Every SQS message has a clock ticking from the moment it's sent. If no worker processes it within the retention window, SQS deletes it automatically.

Message sent at T0
Retention = 4 days (default)

If unprocessed by T0 + 4 days → message expires and is deleted

The maximum you can configure is 14 days. There is no option to keep messages indefinitely.

This is fine for task queues — the whole point is to process jobs quickly. A transcoding job that sits unprocessed for 14 days has clearly gone wrong.


SQS has no replay#

Once a message is deleted — either by a worker ACKing it, or by expiry — it is gone. There is no way to say "reprocess all messages from last Tuesday."

This matters when something goes wrong:

Bug discovered in transcoding worker on Day 10
→ want to reprocess all videos from the last 7 days
→ all those messages were deleted after the workers ACKed them
→ the queue has nothing to replay

If you only sent jobs into SQS and nowhere else, you have no way to redo the work.


The fix — Transactional Outbox Pattern#

The naive fix is to write to both SQS and a DB at the same time. But that's a dual write:

Upload Service:
1. SendMessage to SQS   ← succeeds
2. INSERT into jobs DB  ← fails

Result: job runs, no permanent record. Can't replay.

Or:
1. INSERT into jobs DB  ← succeeds
2. SendMessage to SQS   ← fails

Result: record exists, job never runs. Stuck forever.

Two separate writes can never be atomic. One can always fail without the other.

The correct approach is the Transactional Outbox Pattern — write to the DB only, in a single transaction, and let a separate process enqueue into SQS from that record.

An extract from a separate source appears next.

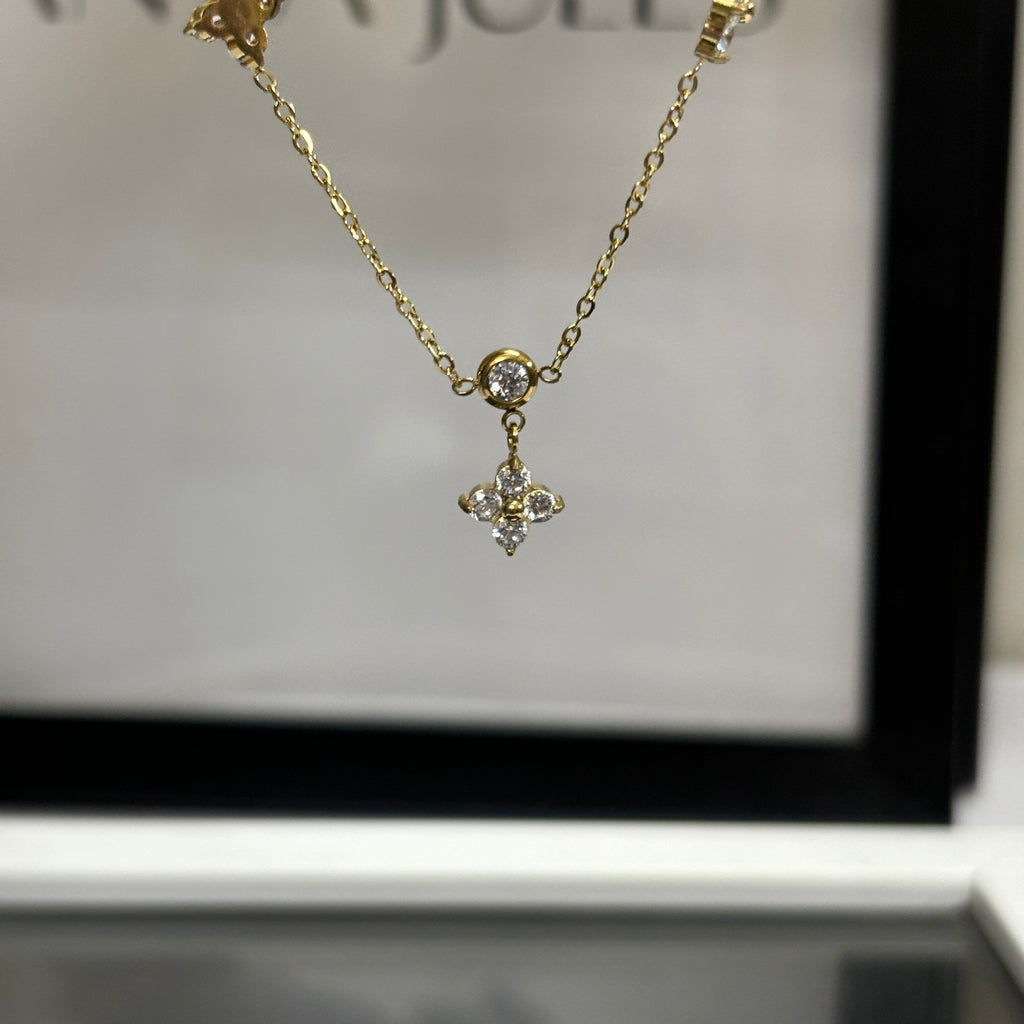 Bella dainty necklace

Step 1 — Upload Service writes ONE atomic DB transaction:
┌─────────────────────────────────────────┐
│  BEGIN TRANSACTION                      │
│  INSERT INTO jobs (job_id, video_id,    │
│    status = 'pending')                  │
│  INSERT INTO outbox (job_id,            │
│    event = 'transcode_requested',       │
│    sent = false)                        │
│  COMMIT                                 │
└─────────────────────────────────────────┘

Either both rows exist, or neither does. No partial state.

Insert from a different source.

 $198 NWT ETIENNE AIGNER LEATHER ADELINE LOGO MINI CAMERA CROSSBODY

Step 2 — Outbox processor runs continuously:
SELECT * FROM outbox WHERE sent = false
→ SendMessage to SQS (job_id in body)
→ UPDATE outbox SET sent = true

Step 3 — Worker picks up from SQS → transcodes → updates job status
sequenceDiagram
    participant U as Upload Service
    participant DB as Database
    participant OP as Outbox Processor
    participant SQS as SQS Queue
    participant W as Worker

    U->>DB: INSERT jobs + outbox (single transaction)
    DB-->>U: committed
    OP->>DB: SELECT outbox WHERE sent=false
    DB-->>OP: [job_abc]
    OP->>SQS: SendMessage(job_abc)
    SQS-->>OP: ok
    OP->>DB: UPDATE outbox SET sent=true
    W->>SQS: ReceiveMessage
    SQS-->>W: job_abc
    W->>DB: UPDATE jobs SET status=done
    W->>SQS: DeleteMessage

Now the DB is the single source of truth. SQS is just the delivery mechanism.

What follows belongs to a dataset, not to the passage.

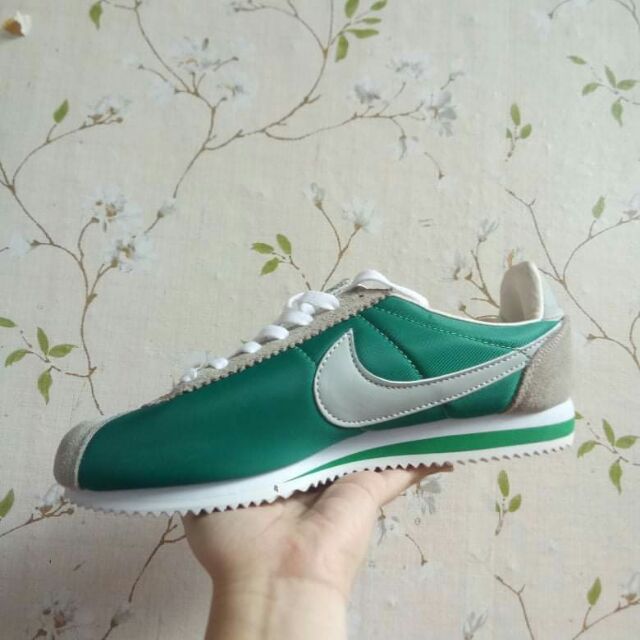 Mint green best sale nike cortez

When you need to reprocess: 1. Query the jobs table for jobs from the affected time window 2. Re-insert them into the outbox with sent = false 3. Outbox processor picks them up and re-enqueues into SQS 4. Workers process again — safely, because consumers are idempotent


SQS retention is for buffering, not history. It guarantees the message survives long enough to be processed. It does not guarantee you can go back and replay old messages after they've been consumed.

Don't rely on the DLQ for replay either. The DLQ holds messages that failed processing — it is not an archive. Once you fix the bug and replay the DLQ, it drains. It does not preserve the full history of what was ever sent.


Interview framing: "SQS retention maxes out at 14 days and there's no replay once a message is deleted. For anything that needs historical reprocessing — like re-running a bug fix over last week's jobs — I'd persist the raw jobs to a durable store alongside the queue. The queue handles real-time processing; the durable store is the source of truth for replays."